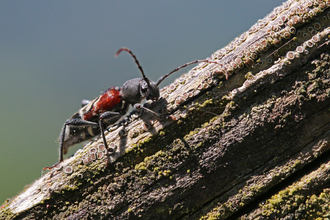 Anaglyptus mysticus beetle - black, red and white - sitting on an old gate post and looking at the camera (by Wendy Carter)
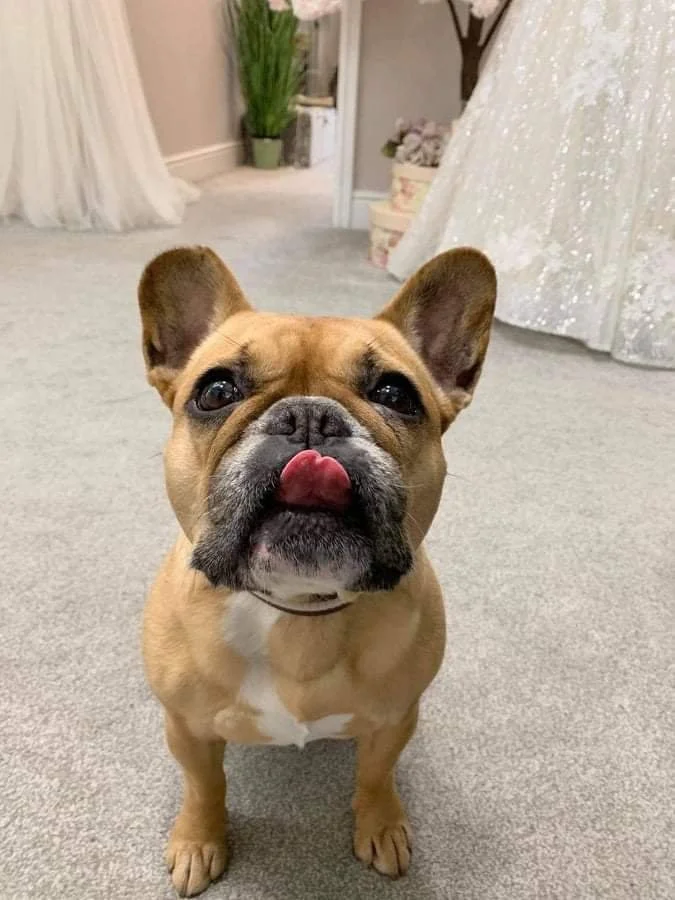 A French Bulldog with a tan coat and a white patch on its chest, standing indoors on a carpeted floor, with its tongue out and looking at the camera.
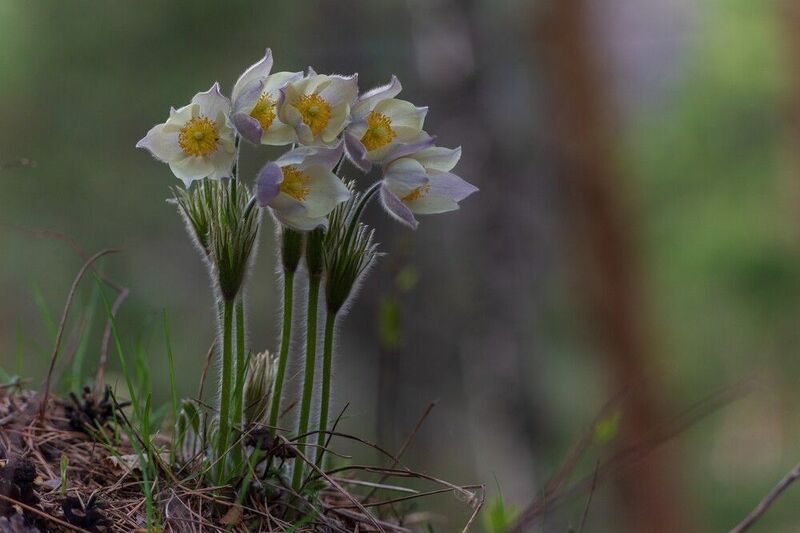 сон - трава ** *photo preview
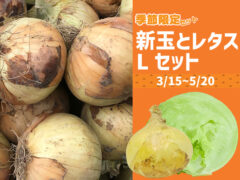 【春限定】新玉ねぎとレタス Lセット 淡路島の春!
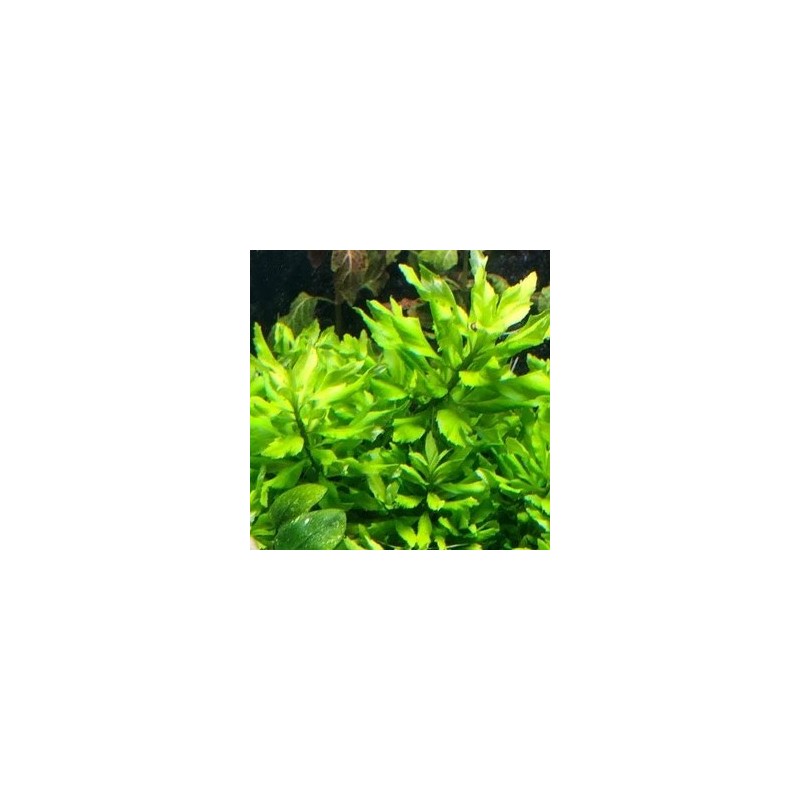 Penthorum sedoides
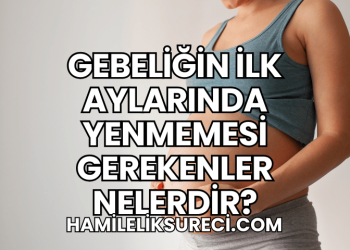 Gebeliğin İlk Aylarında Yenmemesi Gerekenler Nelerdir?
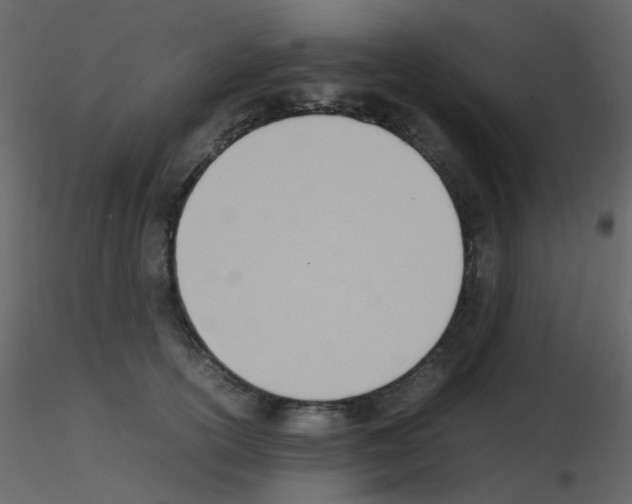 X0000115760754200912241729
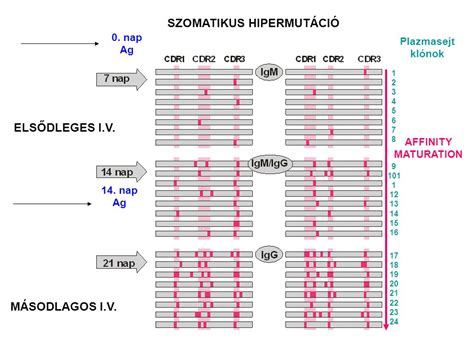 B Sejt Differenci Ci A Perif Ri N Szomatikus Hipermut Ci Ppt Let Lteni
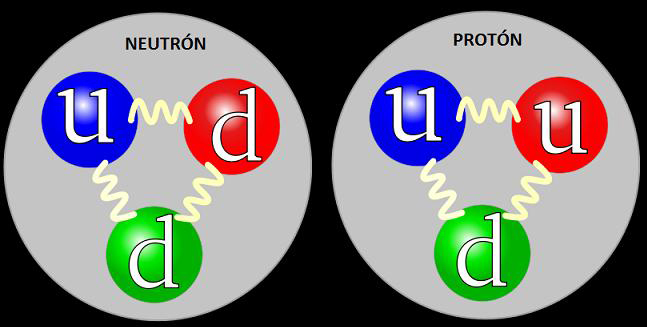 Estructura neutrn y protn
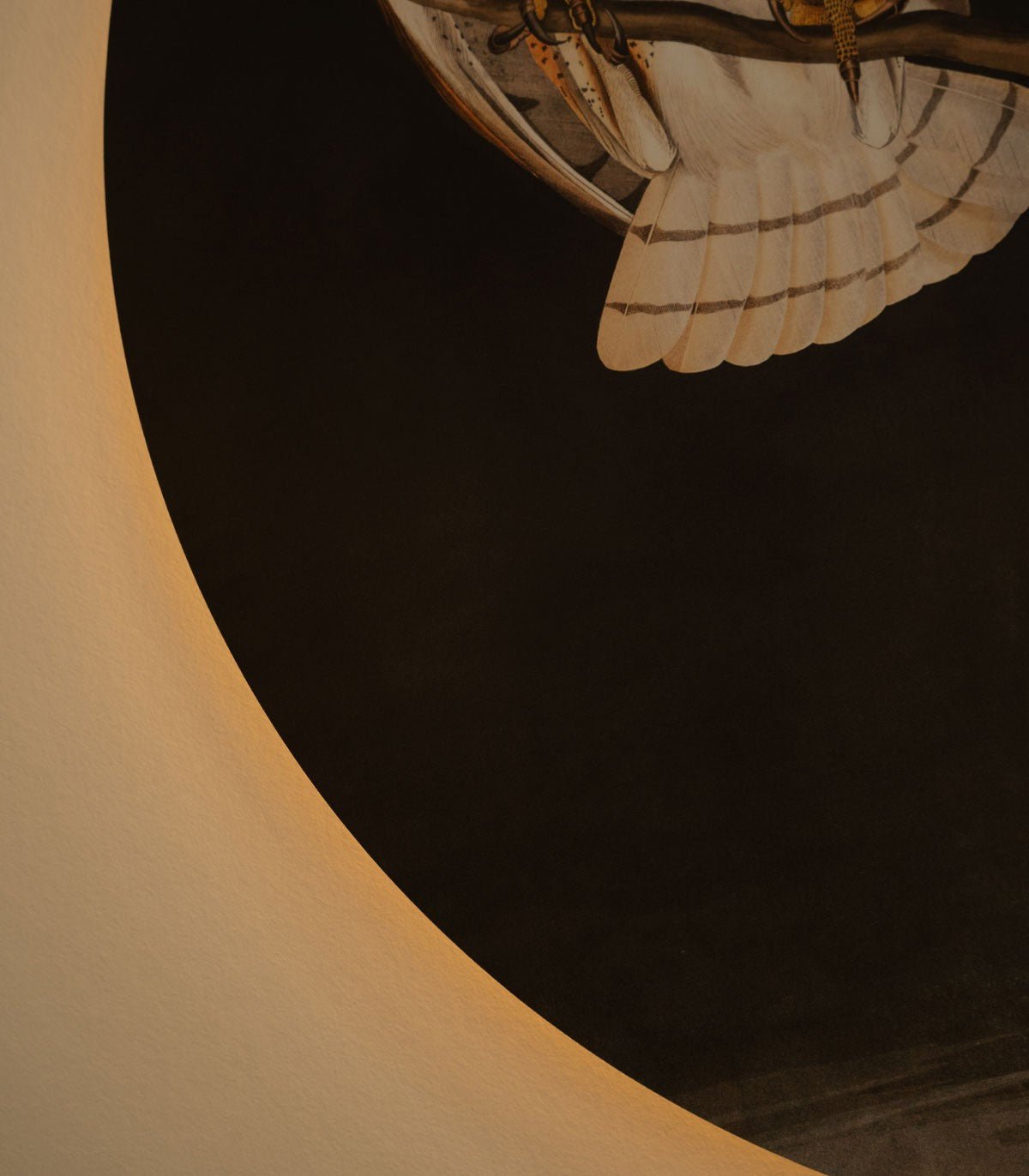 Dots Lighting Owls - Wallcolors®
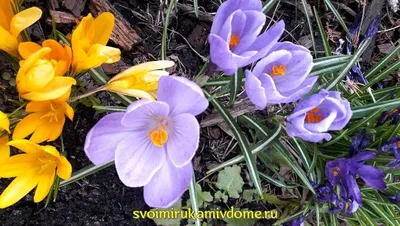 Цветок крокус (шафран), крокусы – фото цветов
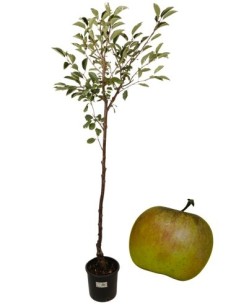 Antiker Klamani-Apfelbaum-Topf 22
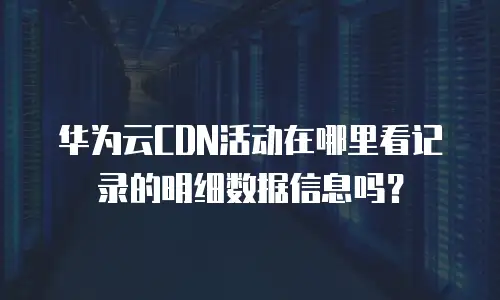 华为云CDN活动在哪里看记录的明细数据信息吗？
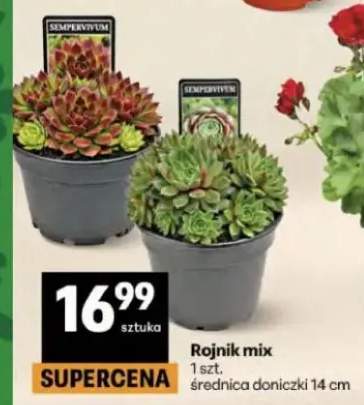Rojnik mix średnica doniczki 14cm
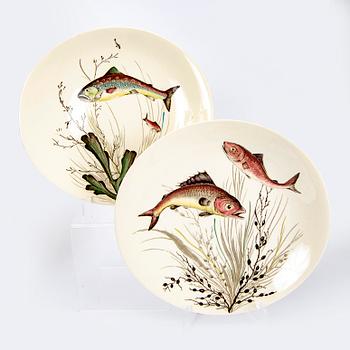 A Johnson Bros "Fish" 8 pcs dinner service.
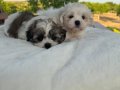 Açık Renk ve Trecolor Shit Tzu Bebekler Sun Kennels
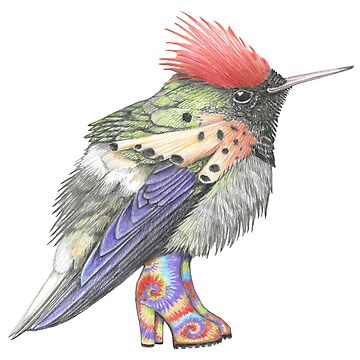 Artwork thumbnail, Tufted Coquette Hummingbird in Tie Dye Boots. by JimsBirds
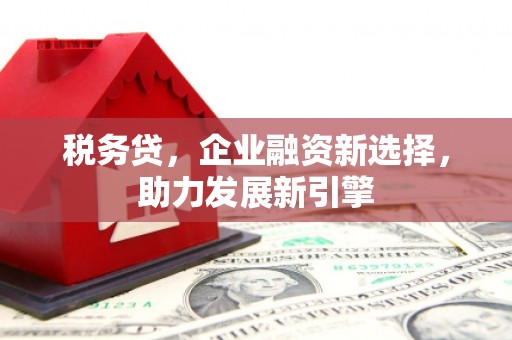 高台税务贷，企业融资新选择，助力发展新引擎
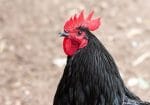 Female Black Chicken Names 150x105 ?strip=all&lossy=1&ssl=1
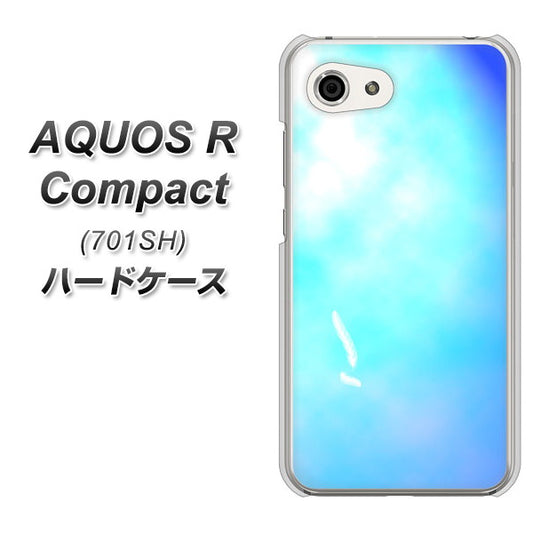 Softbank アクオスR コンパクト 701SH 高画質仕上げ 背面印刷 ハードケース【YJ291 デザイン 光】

========================================================================

# [Required action]
What you return should be all of the material above, exactly, and none of its pictures.

# [Your response]
 Anaglyptus mysticus beetle - black, red and white - sitting on an old gate post and looking at the camera (by Wendy Carter)
 A French Bulldog with a tan coat and a white patch on its chest, standing indoors on a carpeted floor, with its tongue out and looking at the camera.
 сон - трава ** *photo preview
 【春限定】新玉ねぎとレタス Lセット 淡路島の春!
 Penthorum sedoides
 Gebeliğin İlk Aylarında Yenmemesi Gerekenler Nelerdir?
 X0000115760754200912241729
 B Sejt Differenci Ci A Perif Ri N Szomatikus Hipermut Ci Ppt Let Lteni
 Estructura neutrn y protn
 Dots Lighting Owls - Wallcolors®
 Цветок крокус (шафран), крокусы – фото цветов
 Antiker Klamani-Apfelbaum-Topf 22
 华为云CDN活动在哪里看记录的明细数据信息吗？
Rojnik mix średnica doniczki 14cm
 A Johnson Bros "Fish" 8 pcs dinner service.
 Açık Renk ve Trecolor Shit Tzu Bebekler Sun Kennels
 Artwork thumbnail, Tufted Coquette Hummingbird in Tie Dye Boots. by JimsBirds
 高台税务贷，企业融资新选择，助力发展新引擎
 Female Black Chicken Names 150x105 ?strip=all&lossy=1&ssl=1
 Softbank アクオスR コンパクト 701SH 高画質仕上げ 背面印刷 ハードケース【YJ291 デザイン 光】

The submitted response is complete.